Our adjusted unlevered free cash flow was $51.3 million in the fourth quarter compared to $29.3 million in the fourth quarter of '22. As Steve mentioned, we closed our acquisition of Parchment. Parchment is a profitable company with high-quality recurring revenue and strong cash flow conversion. As we have consistently communicated, M&A is an important part of our strategy to drive long-term durable growth. We have a strong track record of successfully integrating acquired companies, completing 6 integrations in the last 4 years, and we have confidence we'll execute similarly with Parchment.
We financed the acquisition with cash and incremental debt of $685 million under our existing credit facility. Our net leverage ratio at year-end 2024 is expected to be approximately 3.4x net debt to adjusted EBITDA. We expect to delever rapidly as we continue to grow adjusted EBITDA and generate cash flow.

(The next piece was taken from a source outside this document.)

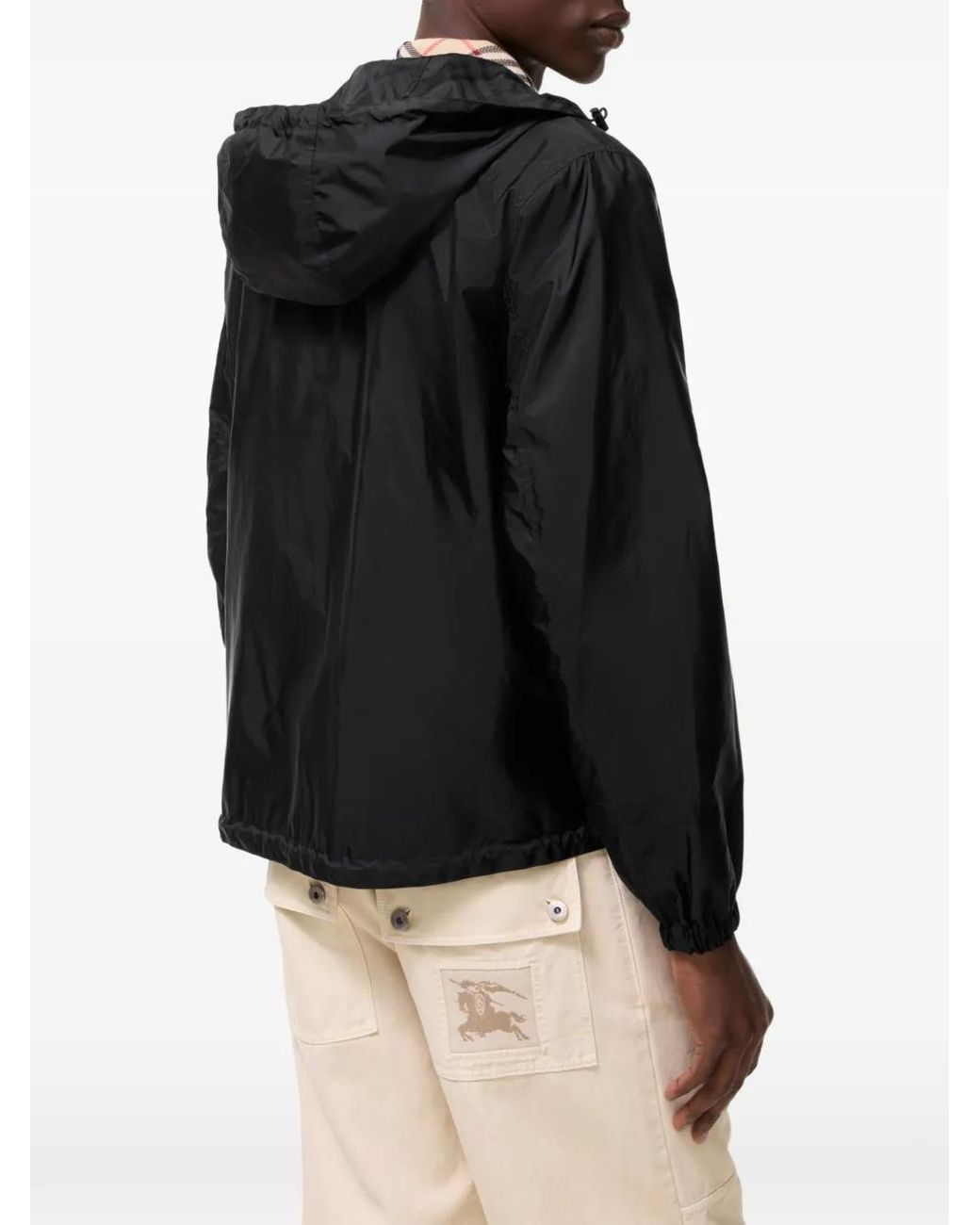 Burberry Black Reversible Check Newport Hooded Jacket for men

Our capital allocation priorities remain unchanged since our IPO, investing in organic revenue growth, pursuing M&A and maintaining a healthy balance sheet.
I will conclude the call by providing guidance for Q1 and for full year 2024. We have provided additional guidance details in our earnings press release. Given the timing of when Parchment closed, our first quarter 2024 guidance includes 2 months of Parchment results, and our full year guidance includes 11 months of Parchment results.
For the first quarter of 2024, we expect revenue in the range of $153.8 million to $154.8 million, a growth rate of 19.8% at the midpoint. We expect adjusted EBITDA in the range of $57.3 million to $58.3 million, representing an adjusted EBITDA margin of 37.4% at the midpoint.
For full year 2024, we expect revenue in the range of $655 million to $665 million or a growth rate of 24.5% at the midpoint. It's important to note that pro forma annual recurring revenue for the combined Instructure and Parchment business grew in the high single digits 2022 to 2023, and we expect similar high single-digit growth 2023 to 2024. We view annual recurring revenue as the best predictor of future revenue.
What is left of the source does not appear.